Much concerned and angry attention has, quite rightly, been paid to Part 3 of the Planning and Infrastructure Bill, for what the Office for Environmental Protection (OEP) soberly refers to as its “proposed reductions in legal protections for the environment”.
Less time has been spent on Part 1, even though it deals with major infrastructure development, big physical projects with significant impacts on people, place and nature. These will be with us for a very long time, shaping places for generations rather than years, sitting in our landscape, creating path dependencies. Decisions on infrastructure mediate between conflicting interests, and between economic, social and environmental values. They are unavoidably political decisions, in the sense that they shape our world and are not simply technical. As such, it should not be controversial to argue for democratic decision making.
Part 1 amends the Planning Act 2008, which deals with Nationally Significant Infrastructure Projects (NSIPs): large energy, water, waste, transport and some commercial and business developments. The secretary of state takes decisions on consent for NSIPs. By comparison with planning processes for less complex and impactful developments, NSIP applications are subject to a challenging time limit of only six months between the acceptance of applications and Planning Inspectorate recommendations to the secretary of state. This means much of the business of getting things right, including consultation, is done before the application.
The government’s target is to grant consent for 150 NSIP consents this parliament, compared with 130 since the system started operating in 2010. One of the ways this is to be done is by “reducing the burdensome consultation process”. It is very difficult to imagine good outcomes for people or nature without adequate consultation on major infrastructure. Government amendments to the bill, however, quite simply remove all existing statutory obligations on applicants to engage in pre-application consultation, whether with the public and civil society or with statutory bodies.
This is no small technical issue. The removal of the right to be consulted matters, for at least three reasons.
Planning depends on democracy
First, because we’re in danger of forgetting planning’s dependence on democratic legitimacy. Good engagement in planning is challenging, and democracy certainly doesn’t happen just because of a legal obligation to consult. Careful attention needs to be paid to avoiding the flaws of statutory consultation. So we could be hopeful about the assertion that, as statutory obligations are removed, better engagement will emerge. But there has been no public discussion of how this will happen. The bill does require the secretary of state to “issue guidance to assist applicants, setting out what the Secretary of State considers to be best practice”, and applicants must provide local authorities with information. The guidance could engage meaningfully with participation, many NSIP promoters will understand the advantages of voluntary early consultation, and local authorities could be given the resources (time, money, skills and influence) to engage local communities.
Even in the unlikely event that these three things hold, pre-application participation will no longer be a legally enforceable right. It will be at the discretion of those with power. Legal rights to be consulted are not adequate in themselves but, in this case, they provide space (outside the gruelling six month examination) for citizens and civil society to engage, however inconvenient that might be.

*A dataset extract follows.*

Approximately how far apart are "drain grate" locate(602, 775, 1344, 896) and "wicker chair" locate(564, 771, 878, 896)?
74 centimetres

The government can’t know all the answers
Second, adequate consultation acknowledges that the government may not have all the answers, may not know who holds relevant knowledge and may not know what citizens need or value. There was no adequate consultation on the provisions of Part 3 before the bill was introduced to parliament. Drafters and policy makers had no opportunity to learn from experts and citizens about the likely impacts of the bill’s provisions on nature. A range of perspectives, on what works and what matters, would have enriched the knowledge available to decision makers, enabling a better bill. Importantly, open processes enable the environmental perspective into a space likely to be dominated by economic (growth) voices.

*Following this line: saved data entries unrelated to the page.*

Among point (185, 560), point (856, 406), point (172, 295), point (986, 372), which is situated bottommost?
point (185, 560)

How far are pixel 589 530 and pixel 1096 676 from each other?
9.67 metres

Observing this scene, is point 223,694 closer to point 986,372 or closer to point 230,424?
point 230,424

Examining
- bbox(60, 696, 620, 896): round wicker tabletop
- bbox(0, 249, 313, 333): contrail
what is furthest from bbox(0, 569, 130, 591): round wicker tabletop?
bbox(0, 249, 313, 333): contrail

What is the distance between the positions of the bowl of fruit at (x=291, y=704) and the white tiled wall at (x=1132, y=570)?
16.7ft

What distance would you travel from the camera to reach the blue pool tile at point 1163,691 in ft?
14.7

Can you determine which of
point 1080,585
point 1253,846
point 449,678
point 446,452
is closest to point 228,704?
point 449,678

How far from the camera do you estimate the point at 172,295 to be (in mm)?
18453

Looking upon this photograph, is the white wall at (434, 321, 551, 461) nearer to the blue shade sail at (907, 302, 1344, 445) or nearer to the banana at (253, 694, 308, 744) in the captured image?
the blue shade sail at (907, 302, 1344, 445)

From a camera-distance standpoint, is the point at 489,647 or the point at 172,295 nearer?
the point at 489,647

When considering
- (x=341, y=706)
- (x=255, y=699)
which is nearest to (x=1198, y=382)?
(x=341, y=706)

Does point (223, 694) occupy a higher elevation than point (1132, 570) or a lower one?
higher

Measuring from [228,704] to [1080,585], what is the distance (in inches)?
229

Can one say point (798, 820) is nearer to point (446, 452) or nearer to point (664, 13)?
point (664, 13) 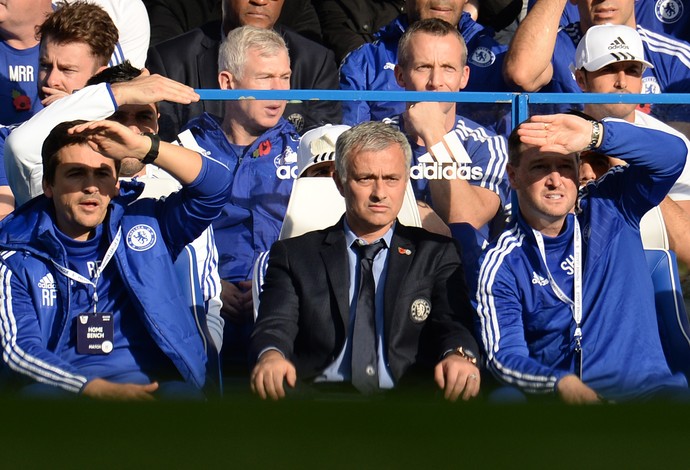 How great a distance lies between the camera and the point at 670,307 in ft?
13.6

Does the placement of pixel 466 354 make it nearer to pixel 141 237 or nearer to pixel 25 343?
pixel 141 237

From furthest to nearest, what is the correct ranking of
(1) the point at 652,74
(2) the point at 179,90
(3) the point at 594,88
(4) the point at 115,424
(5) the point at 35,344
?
(1) the point at 652,74 < (3) the point at 594,88 < (2) the point at 179,90 < (5) the point at 35,344 < (4) the point at 115,424

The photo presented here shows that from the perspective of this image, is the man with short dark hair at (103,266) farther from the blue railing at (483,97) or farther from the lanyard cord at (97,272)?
the blue railing at (483,97)

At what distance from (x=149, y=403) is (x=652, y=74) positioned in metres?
4.76

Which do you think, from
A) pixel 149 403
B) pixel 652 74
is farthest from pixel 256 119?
pixel 149 403

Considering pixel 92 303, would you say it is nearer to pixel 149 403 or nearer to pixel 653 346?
pixel 653 346

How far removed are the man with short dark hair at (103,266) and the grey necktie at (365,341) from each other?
54cm

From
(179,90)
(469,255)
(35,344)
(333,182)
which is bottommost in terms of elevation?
(35,344)

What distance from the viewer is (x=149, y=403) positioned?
1.27 m

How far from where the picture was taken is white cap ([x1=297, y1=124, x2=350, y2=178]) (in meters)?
4.32

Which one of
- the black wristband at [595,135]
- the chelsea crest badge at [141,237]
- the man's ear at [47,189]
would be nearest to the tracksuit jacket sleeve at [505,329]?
the black wristband at [595,135]

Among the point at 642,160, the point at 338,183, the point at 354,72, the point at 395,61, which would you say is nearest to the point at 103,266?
the point at 338,183

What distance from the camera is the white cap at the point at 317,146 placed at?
4324mm

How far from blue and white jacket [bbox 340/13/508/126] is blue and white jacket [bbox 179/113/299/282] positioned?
51.1 inches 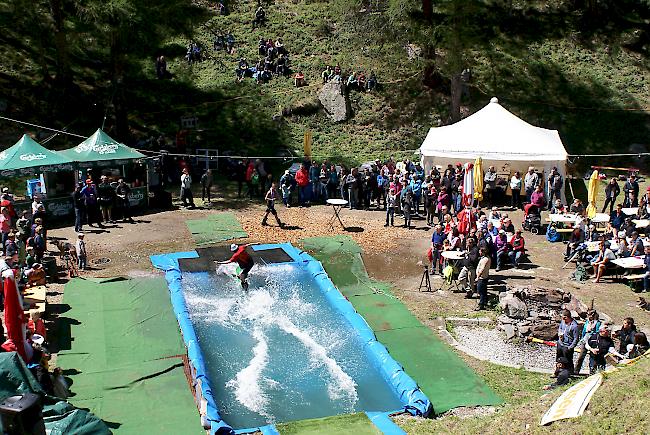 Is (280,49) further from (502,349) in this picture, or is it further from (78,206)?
(502,349)

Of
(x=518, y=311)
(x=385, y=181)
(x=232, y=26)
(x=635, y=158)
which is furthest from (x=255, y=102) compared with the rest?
(x=518, y=311)

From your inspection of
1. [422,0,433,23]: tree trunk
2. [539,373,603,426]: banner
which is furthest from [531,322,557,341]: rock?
[422,0,433,23]: tree trunk

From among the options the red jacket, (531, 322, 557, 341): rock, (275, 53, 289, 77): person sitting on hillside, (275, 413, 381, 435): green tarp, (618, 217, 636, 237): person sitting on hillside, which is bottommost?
(275, 413, 381, 435): green tarp

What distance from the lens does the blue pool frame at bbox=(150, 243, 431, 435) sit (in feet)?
37.7

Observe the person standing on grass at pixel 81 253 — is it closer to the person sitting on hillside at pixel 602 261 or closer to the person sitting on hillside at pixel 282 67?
the person sitting on hillside at pixel 602 261

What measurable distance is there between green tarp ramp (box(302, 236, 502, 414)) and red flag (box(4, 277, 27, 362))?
6479 millimetres

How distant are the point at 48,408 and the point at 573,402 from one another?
6.82 metres

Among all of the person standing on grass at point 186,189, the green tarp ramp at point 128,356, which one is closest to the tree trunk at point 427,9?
the person standing on grass at point 186,189

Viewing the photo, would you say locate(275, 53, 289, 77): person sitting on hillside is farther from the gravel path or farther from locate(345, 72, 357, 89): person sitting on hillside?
the gravel path

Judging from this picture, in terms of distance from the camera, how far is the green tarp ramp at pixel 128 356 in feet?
38.7

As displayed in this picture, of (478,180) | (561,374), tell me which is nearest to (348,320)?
(561,374)

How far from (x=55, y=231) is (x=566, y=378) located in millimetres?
14734

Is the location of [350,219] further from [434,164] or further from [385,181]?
[434,164]

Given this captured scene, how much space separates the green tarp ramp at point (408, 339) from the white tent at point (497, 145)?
20.0ft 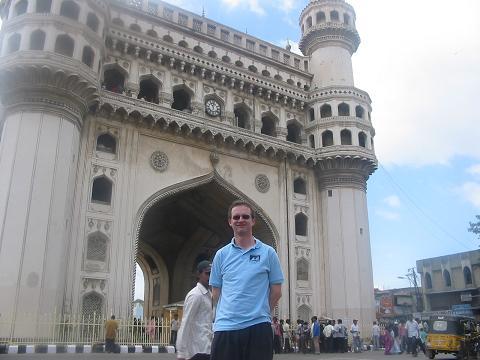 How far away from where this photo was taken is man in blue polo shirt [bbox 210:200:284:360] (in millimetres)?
3436

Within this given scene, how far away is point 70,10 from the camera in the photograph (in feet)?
68.2

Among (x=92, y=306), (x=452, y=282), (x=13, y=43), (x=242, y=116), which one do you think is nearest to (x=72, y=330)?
(x=92, y=306)

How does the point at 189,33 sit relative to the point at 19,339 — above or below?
above

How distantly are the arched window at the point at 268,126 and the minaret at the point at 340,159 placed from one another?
7.04ft

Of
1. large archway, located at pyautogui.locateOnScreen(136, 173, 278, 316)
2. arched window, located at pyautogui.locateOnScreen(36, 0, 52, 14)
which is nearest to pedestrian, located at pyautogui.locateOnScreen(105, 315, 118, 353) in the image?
large archway, located at pyautogui.locateOnScreen(136, 173, 278, 316)

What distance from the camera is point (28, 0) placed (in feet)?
66.6

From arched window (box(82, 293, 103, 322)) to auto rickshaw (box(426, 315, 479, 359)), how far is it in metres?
11.8

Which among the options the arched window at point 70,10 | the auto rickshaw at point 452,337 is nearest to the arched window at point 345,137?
the auto rickshaw at point 452,337

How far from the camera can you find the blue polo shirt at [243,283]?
3.51m

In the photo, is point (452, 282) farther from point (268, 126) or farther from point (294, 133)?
point (268, 126)

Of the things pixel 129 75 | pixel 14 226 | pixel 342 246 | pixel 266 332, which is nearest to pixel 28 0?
pixel 129 75

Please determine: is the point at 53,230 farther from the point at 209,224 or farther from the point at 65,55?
the point at 209,224

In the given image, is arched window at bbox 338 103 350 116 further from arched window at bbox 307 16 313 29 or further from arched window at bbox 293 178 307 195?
arched window at bbox 307 16 313 29

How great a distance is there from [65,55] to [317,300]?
1607 centimetres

How people are treated matters
And third, the way people are treated affects the way we understand and behave in the world. Given especially our profound economic inequalities and dangerous political divisions, it is difficult to imagine that we can make just and effective decisions on major infrastructure without embedding people in the exercise. We can emphasise speed over process, but we cannot wish the politics of planning away. Costs and benefits are distributed, some values and ways of seeing the world are reinforced, winners and losers are created. This applies in respect of renewable energy as much as roads. We don’t need to give either local communities or green groups a veto to engage with, and learn from, what they want from and for their places.

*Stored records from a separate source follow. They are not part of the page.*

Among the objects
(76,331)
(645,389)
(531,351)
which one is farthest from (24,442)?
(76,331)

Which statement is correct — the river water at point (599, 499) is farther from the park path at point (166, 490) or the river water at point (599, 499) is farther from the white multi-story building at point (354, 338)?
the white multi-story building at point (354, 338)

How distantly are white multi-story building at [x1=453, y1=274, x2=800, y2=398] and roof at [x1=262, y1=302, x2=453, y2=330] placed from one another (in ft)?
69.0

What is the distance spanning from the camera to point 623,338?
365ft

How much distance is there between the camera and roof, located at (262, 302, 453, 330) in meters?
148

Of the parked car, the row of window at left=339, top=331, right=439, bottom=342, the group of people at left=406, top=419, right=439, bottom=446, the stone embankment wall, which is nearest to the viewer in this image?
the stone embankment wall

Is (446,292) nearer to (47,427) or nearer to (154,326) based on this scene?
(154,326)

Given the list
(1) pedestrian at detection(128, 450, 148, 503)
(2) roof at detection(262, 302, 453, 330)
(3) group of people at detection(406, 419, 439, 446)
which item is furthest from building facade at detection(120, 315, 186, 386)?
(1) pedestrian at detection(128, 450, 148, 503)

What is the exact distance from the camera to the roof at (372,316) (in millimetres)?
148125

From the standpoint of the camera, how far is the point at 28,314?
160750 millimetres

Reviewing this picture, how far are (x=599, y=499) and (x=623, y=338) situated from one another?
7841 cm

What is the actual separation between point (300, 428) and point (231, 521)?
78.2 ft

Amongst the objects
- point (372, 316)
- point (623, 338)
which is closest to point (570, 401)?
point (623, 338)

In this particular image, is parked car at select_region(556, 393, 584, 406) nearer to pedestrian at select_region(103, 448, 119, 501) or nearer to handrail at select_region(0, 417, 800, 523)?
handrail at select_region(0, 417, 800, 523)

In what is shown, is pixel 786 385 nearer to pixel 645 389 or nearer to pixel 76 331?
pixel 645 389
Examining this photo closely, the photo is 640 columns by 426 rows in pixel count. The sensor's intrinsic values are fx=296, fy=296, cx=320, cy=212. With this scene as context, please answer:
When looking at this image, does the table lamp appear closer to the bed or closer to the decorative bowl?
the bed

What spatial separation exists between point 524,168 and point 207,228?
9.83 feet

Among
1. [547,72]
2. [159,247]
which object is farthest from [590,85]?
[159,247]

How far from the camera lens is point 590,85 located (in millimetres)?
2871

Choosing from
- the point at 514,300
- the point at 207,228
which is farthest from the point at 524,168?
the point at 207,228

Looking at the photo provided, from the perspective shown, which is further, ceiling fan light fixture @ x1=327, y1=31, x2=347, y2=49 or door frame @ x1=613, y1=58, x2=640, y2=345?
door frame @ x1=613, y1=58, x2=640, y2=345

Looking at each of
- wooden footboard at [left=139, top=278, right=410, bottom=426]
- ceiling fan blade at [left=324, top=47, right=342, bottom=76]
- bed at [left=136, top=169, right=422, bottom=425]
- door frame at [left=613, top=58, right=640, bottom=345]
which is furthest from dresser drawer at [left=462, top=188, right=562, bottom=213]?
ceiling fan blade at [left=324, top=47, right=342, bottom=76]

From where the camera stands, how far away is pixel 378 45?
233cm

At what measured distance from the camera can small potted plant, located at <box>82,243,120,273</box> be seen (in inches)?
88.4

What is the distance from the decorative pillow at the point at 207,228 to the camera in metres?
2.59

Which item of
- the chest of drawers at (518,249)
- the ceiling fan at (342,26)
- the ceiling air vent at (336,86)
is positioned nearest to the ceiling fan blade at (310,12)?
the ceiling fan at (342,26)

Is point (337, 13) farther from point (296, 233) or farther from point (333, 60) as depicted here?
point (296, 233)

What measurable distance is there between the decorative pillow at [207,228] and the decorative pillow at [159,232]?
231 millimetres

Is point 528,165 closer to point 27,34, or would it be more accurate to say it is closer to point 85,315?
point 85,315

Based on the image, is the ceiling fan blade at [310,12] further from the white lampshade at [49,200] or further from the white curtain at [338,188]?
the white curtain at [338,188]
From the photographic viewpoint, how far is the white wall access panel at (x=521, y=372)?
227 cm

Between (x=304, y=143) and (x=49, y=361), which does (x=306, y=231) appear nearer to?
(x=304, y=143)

Democracy is complex, consultation is not always effective, and the balance between process and outputs can be subtle. So these can be difficult calls. There is no indication here, however, that anybody has drawn a carefully considered balance.
More broadly, this is, sadly, an unsurprising move in the context of larger, cross party, post-Brexit shifts in environmental law. These amendments are the latest iteration of several years of legislating for executive power, of mistrust of legally established process, and perhaps even of a mistrust of people.
The politics of planning cannot be wished away. That was clear many years before climate-sceptic Reform declared ‘war’ on net zero and took control of councils and mayoralties, as well as a parliamentary constituency, in May’s elections. Councillors and mayors may not have the legal powers to prevent energy decarbonisation projects or airports. But they are responding to the politics of these decisions, and so should we.